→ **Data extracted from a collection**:
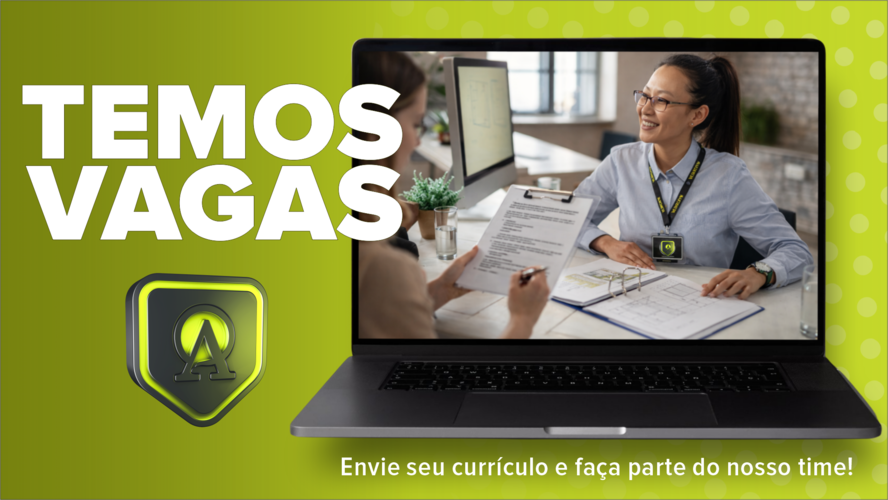 40bc37c5040d8d2c555a056977eb98725704906b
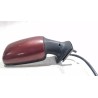 Recambio de retrovisor derecho para seat toledo (1l)(09.1991) 1.9 d referencia OEM IAM E9010039  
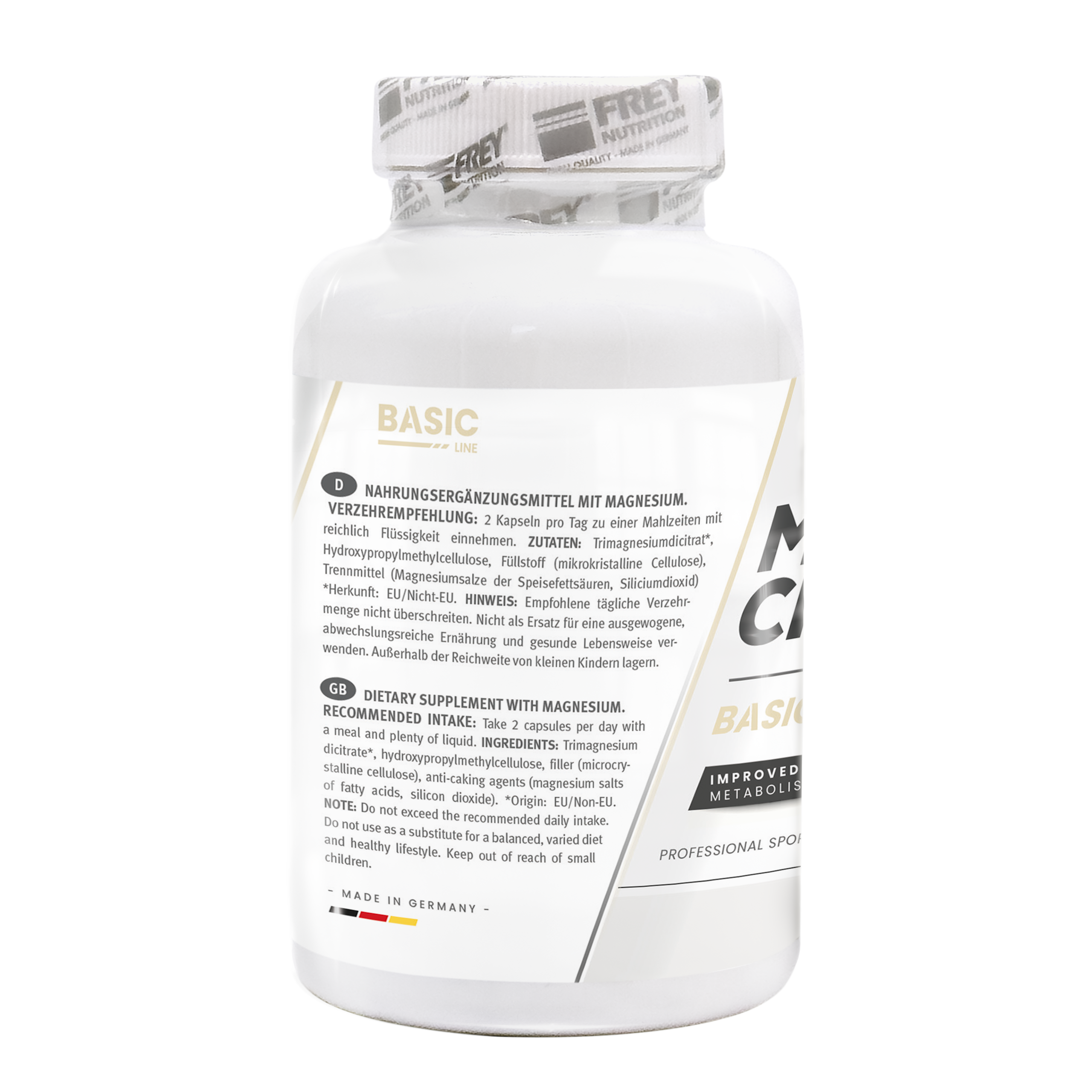 #locale_de#locale_nl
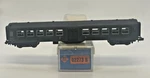 Roco 02273 Passenger Car Original Box. Fixed Price $29.99.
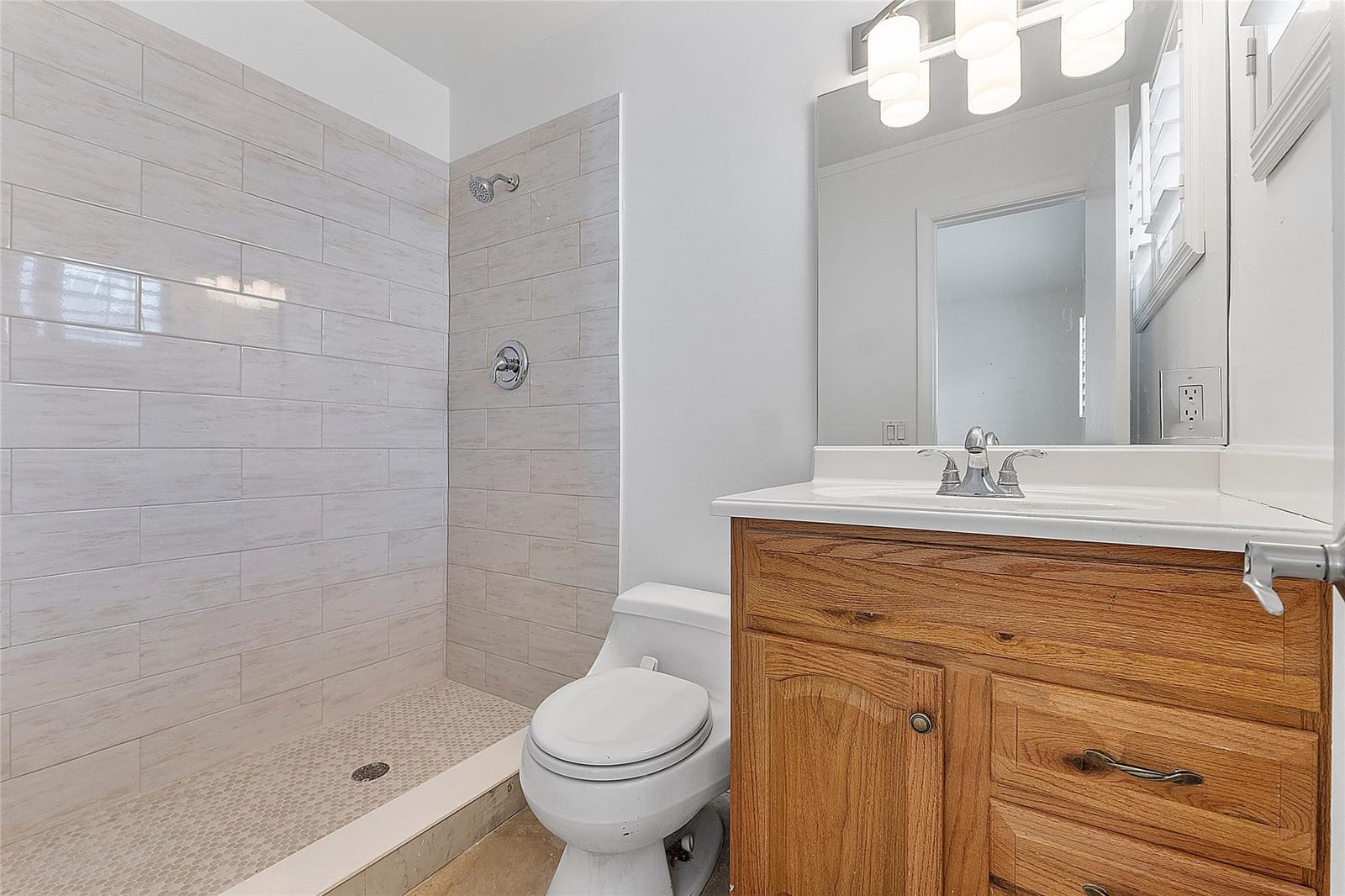 108 NE 30th Street, Wilton Manors, FL 33334 photo 16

→ **Assigned task**:
Restate the records above in full, word for word. Keep pictures out.

→ **Task answer**:
 40bc37c5040d8d2c555a056977eb98725704906b
 Recambio de retrovisor derecho para seat toledo (1l)(09.1991) 1.9 d referencia OEM IAM E9010039  
 #locale_de#locale_nl
 Roco 02273 Passenger Car Original Box. Fixed Price $29.99.
 108 NE 30th Street, Wilton Manors, FL 33334 photo 16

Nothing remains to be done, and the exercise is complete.